Note that a multivariate time series is considered as a multi-channel signal. Each channel is processed independently through patching and transformers. After that, the channels are concatenated.
Like transformer models in NLP, PatchTST can be trained through both supervised learning and self-supervised learning as well. In the supervised learning, the target output is the forecast period. To do the self-supervised learning, PatchTST masks several randomly selected patches and set to zero, and the model targets to reconstruct the masked patches.
TimeGPT (2023)
Drawing inspiration from the success of large language models in natural language processing, TimeGPT adapts the pre-training techniques to the time series forecast. It stands out for its ability to handle a wide range of forecasting tasks.

TimeGPT is another transformer-based model. The model itself is not new. The significance of TimeGPT stands on its vast training dataset of time series from various domains, allowing it to learn a wide array of temporal patterns.
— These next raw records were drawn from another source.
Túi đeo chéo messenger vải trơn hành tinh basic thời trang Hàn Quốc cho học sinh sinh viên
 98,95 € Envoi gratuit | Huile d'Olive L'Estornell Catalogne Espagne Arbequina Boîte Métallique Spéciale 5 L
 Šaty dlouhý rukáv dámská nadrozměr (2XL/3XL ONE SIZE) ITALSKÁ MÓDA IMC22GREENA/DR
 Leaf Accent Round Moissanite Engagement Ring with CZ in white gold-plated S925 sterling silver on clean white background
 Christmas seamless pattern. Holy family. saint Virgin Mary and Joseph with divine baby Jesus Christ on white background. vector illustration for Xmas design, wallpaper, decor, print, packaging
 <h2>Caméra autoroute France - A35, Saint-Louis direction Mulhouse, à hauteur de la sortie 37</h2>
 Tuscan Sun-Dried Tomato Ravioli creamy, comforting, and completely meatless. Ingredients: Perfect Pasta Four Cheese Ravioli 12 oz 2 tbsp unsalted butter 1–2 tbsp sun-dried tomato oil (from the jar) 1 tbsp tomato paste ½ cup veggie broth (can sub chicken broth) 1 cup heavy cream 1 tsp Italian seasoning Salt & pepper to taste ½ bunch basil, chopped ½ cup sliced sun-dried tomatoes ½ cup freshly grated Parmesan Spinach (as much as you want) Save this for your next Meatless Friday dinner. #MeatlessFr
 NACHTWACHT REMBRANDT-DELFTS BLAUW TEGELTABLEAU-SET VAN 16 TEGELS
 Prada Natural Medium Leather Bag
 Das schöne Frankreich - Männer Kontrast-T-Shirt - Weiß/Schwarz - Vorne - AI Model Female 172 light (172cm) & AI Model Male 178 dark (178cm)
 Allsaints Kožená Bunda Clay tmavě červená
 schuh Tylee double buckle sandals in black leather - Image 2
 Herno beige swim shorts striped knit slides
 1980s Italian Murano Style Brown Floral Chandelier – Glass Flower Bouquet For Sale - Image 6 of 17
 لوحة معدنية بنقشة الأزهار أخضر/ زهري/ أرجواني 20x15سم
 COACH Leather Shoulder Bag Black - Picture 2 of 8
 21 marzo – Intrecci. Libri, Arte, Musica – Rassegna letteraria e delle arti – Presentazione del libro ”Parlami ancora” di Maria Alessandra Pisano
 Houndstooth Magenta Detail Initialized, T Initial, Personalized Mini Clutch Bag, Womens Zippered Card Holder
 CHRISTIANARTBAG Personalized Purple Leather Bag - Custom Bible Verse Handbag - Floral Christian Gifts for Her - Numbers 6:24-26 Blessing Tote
The model is designed to perform zero-shot inference, meaning it can make accurate predictions on unseen data without the need for retraining.
Implementations
With the help of nixtla.neuralforecast, we can easily implement these time series forecast models.
This is the minimal example of N-BEATS, N-HiTS, and PatchTST. To view more comprehensive usage examples, e.g. hyperparameter tuning, please check the Nixtla’s repository (https://github.com/Nixtla).
!pip install neuralforecast
from neuralforecast.utils import AirPassengersDF
from neuralforecast import NeuralForecast
from neuralforecast.models import NBEATS, LSTM, NHITS, PatchTST
Y_df = AirPassengersDF # Defined in neuralforecast.utils
models = [
PatchTST(h=horizon, input_size=104, patch_len=24, stride=24, max_steps=100),
NHITS(h=horizon, input_size=2 * horizon, max_steps=100),
NBEATS(input_size=2 * horizon, h=horizon, max_steps=100)
]
nf = NeuralForecast(models=models, freq='M')
nf.fit(df=Y_df)
Y_hat_df = nf.predict()

References
Oreshkin, B. N., Carpov, D., Chapados, N., & Bengio, Y. (2019). N-BEATS: Neural basis expansion analysis for interpretable time series forecasting. arXiv preprint arXiv:1905.10437.
Challu, C., Olivares, K. G., Oreshkin, B. N., Ramirez, F. G., Canseco, M. M., & Dubrawski, A. (2023, June). Nhits: Neural hierarchical interpolation for time series forecasting. In Proceedings of the AAAI Conference on Artificial Intelligence (Vol. 37, No. 6, pp. 6989-6997).
Nie, Y., Nguyen, N. H., Sinthong, P., & Kalagnanam, J. (2022). A time series is worth 64 words: Long-term forecasting with transformers. arXiv preprint arXiv:2211.14730.
Garza, A., & Mergenthaler-Canseco, M. (2023). TimeGPT-1. arXiv preprint arXiv:2310.03589.